Le terme de déguerpissement vient de l’Allemand werp ou querp, qui signifie prise en possession ; de sorte que déguerpissement qui est le contraire signifie délaissement de la possession.

Les ordonnances ont exprimé le déguerpissement par le terme de renonciation à l’héritage ; quelques coûtumes par celui d’exponsion ; celle de Paris le nomme déguerpissement, de même que la plûpart des autres coûtumes.

Le déguerpissement, tel que nous le pratiquons, étoit peu usité chez les Romains, d’autant qu’il y avoit chez eux fort peu de rentes entre particuliers ; ou s’il y en avoit, elles étoient fort petites, & seulement pour reconnoissance du domaine direct, chaque détenteur n’en étoit tenu qu’à proportion de ce qu’il possedoit ; c’est pourquoi il arrivoit rarement qu’il quittât l’héritage pour se décharger de la rente.

Cependant cette espece de délaissement n’étoit pas absolument inconnue aux Romains, & l’on trouve plusieurs de leurs lois qui peuvent s’y adapter, notament la loi rura au code de omni agro deserto, & les lois 3 & 5 cod. de fundis patrimon. où l’on voit que relinquere & refundere signifient déguerpir.

Les dettes personnelles & hypothéquaires ne sont point l’objet du déguerpissement proprement dit ; on ne le fait que pour se délibérer des charges foncieres, soit seigneuriales, ou autres, telles que sont le cens, sur-cens, le champart, terrage agrier, & autres redevances semblables ; l’emphitéose, les simples rentes foncieres, & de bail d’héritage.

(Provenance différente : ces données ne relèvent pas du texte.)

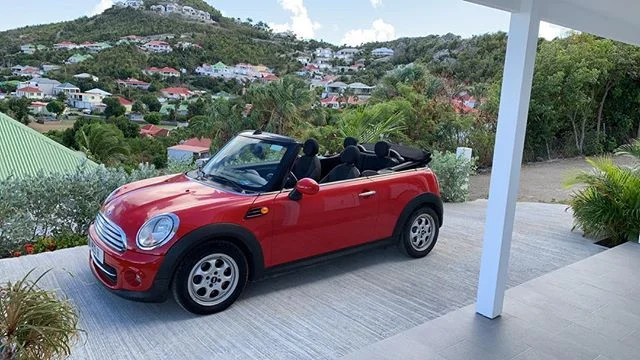 Imagine your dream car here at Villla Ouanalao, perfect fit.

On peut aussi par la voie du déguerpissement se libérer des charges foncieres, casuelles, & extraordinaires, telles que sont les réparations & entretien de l’héritage, les tailles réelles, & autres impositions semblables, telles que le dixieme, vingtieme, cinquantieme ; l’entretien du pavé des villes, & de leurs fortifications ; l’imposition pour les bouës & lanternes ; les droits seigneuriaux, ou profits de fiefs, casuels, & autres charges semblables.

L’héritier soit pur & simple ou bénéficiaire ne peut déguerpir la succession entiere pour se délibérer des charges à cause de la maxime semel hæres, semper hæres ; mais il peut déguerpir l’héritage, charges, & rentes foncieres ; & par ce moyen il se libere de la rente.

Les autres successeurs à titre universel, tels que sont les donataires & légataires universels, les seigneurs qui succedent à titre de confiscation, deshérence, ou autrement, peuvent déguerpir toute la succession, pourvû qu’ils ayent fait inventaire, quand même ils auroient déjà vendu une partie des biens, pourvû qu’ils en rapportent la véritable valeur & les fruits.